ACTIVITY: For the entries that follow, restate word for word the line containing "Used 2019 Nissan", the line containing "Zara women’s black", and every line that lies between them.

TASK INPUT:

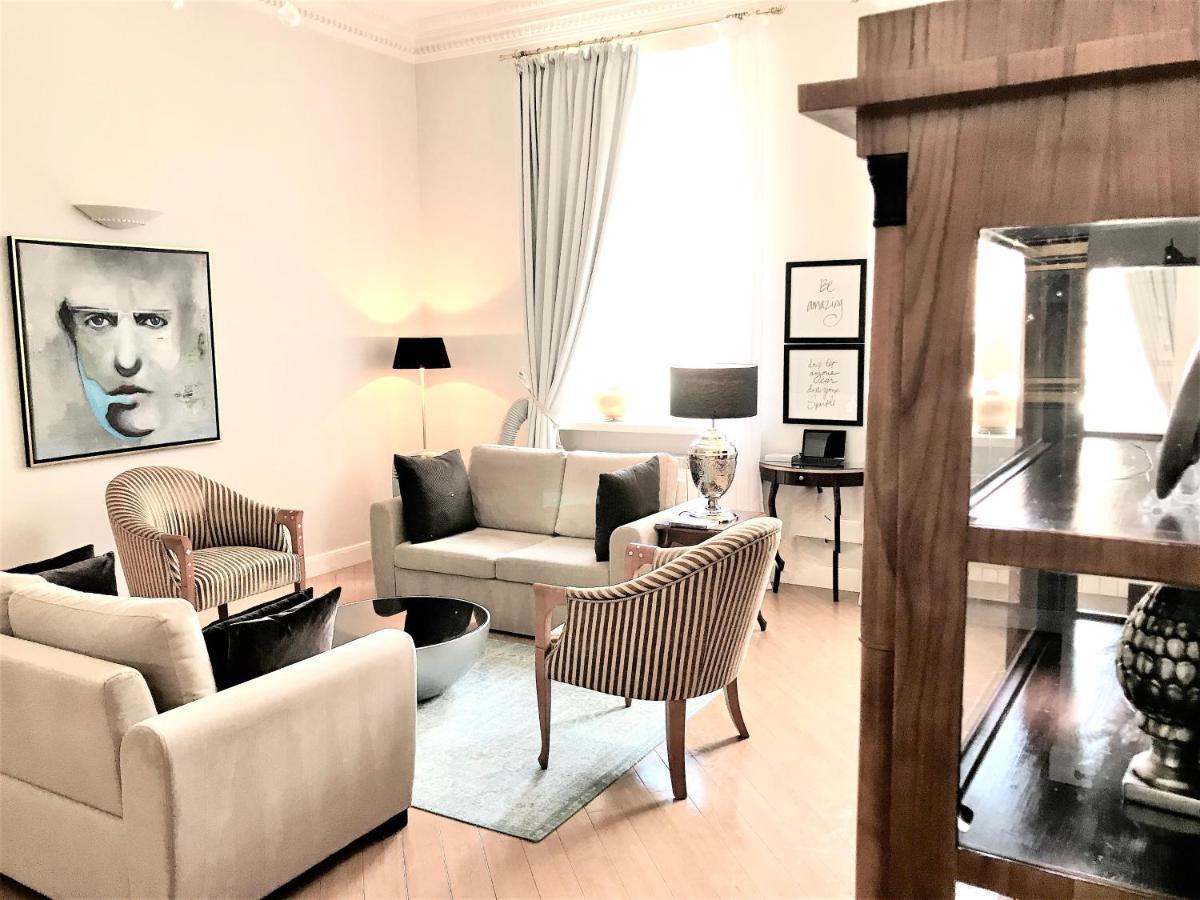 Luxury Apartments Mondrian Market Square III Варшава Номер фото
---
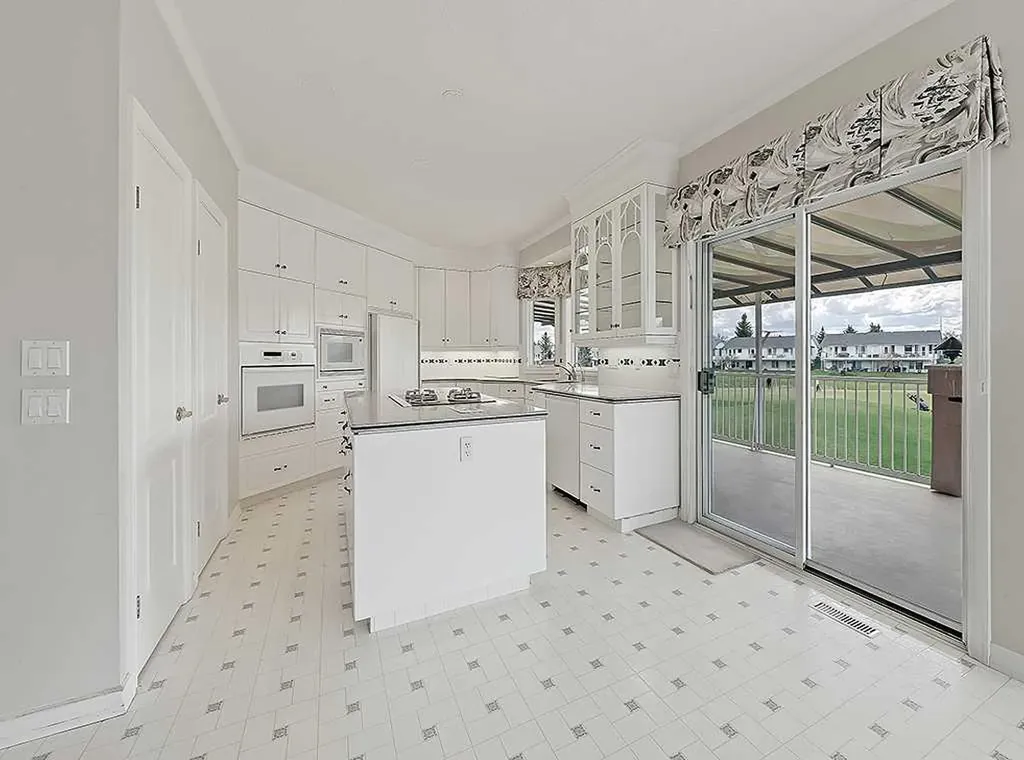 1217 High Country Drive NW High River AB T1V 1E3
---
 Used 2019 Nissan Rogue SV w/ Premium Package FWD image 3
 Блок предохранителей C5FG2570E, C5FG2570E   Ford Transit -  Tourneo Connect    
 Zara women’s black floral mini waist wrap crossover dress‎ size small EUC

ANSWER AREA:
 Used 2019 Nissan Rogue SV w/ Premium Package FWD image 3
 Блок предохранителей C5FG2570E, C5FG2570E   Ford Transit -  Tourneo Connect    
 Zara women’s black floral mini waist wrap crossover dress‎ size small EUC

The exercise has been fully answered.